Nawet 400 zarzutów dotyczących oszustw może usłyszeć 24-latka, która przez internet oferowała sprzedaż środków odchudzających. Kobiecie grozi do ośmiu lat więzienia.
Jak poinformowała w środę Anna Kędzierzawska z zespołu prasowego Komendy Stołecznej Policji, kobieta - mieszkanka podwarszawskiego Pruszkowa - zaczęła działać rok temu. - Poprzez kilka portali internetowych oferowała środki odchudzające. Ich koszt wahał się od 50 do 200 zł. Osoby, które zdecydowały się na ich zakup nigdy jednak ich nie otrzymały - dodała.
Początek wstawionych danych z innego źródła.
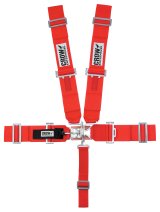 Harness - 5 Point - Latch and Link - SFI 16.1 - 50 in Length - Pull Down Adjust - Wrap Around - Individual Harness - Red - Kit thumbnail 1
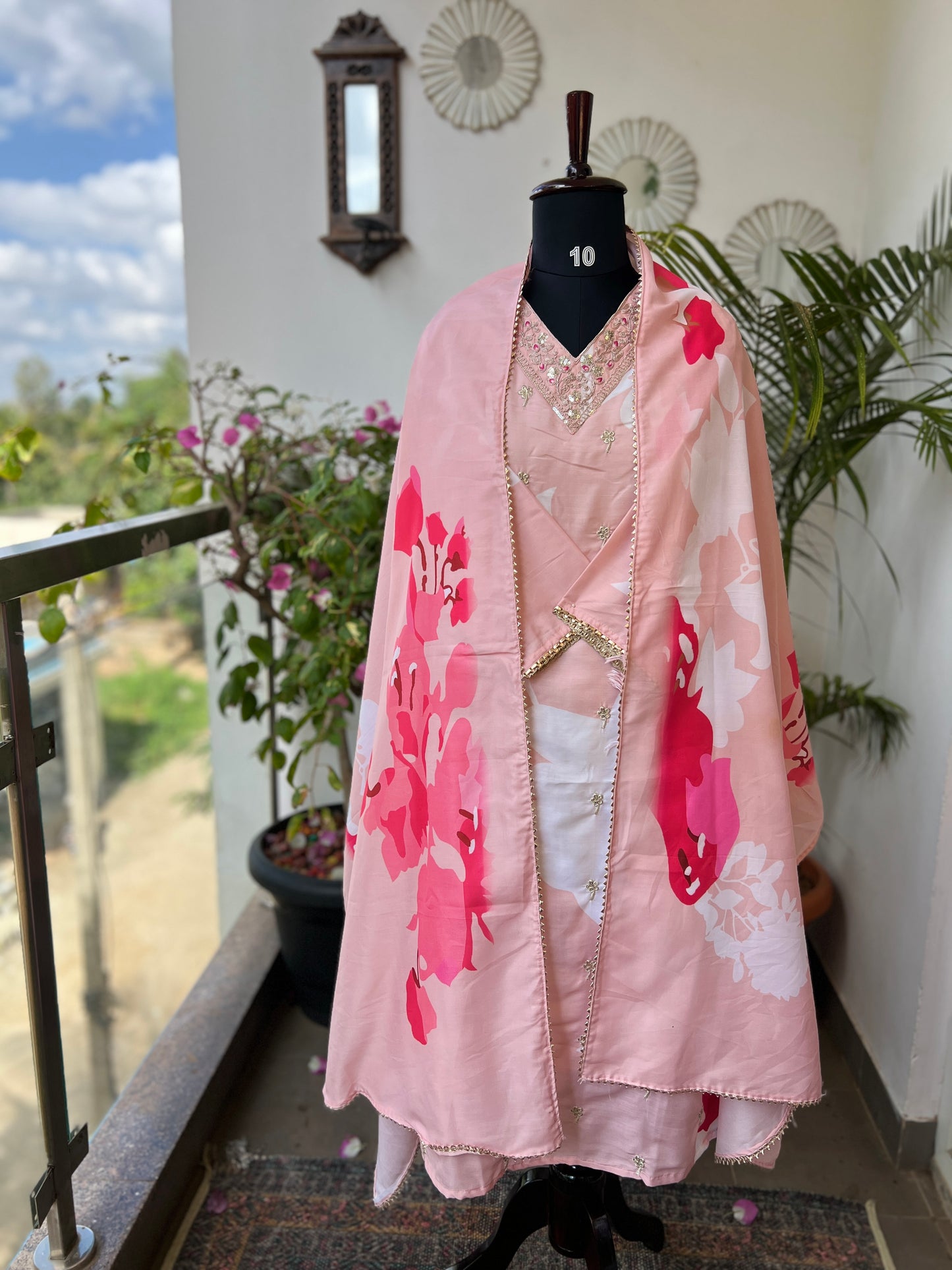 Maslin Printed Suit Set with Embroidered Neckline & Matching Dupatta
24-latka korzystała przy tym z czterech różnych kont bankowych, by uniknąć ewentualnego zatrzymania. - Do policjantów informacje o jej oszustwach napływały m.in. z Działdowa, Strzelina i Lublina. We wtorek kobieta została zatrzymana - oświadczyła Kędzierzawska.
Z ustaleń policjantów wynika, że tylko na jedno konto założone przez kobietę wpłynęły pieniądze od 400 oszukanych przez nią osób. Policja apeluje o kontakt do wszystkich, którzy kupili od zatrzymanej środki odchudzające, ale nigdy ich nie otrzymali.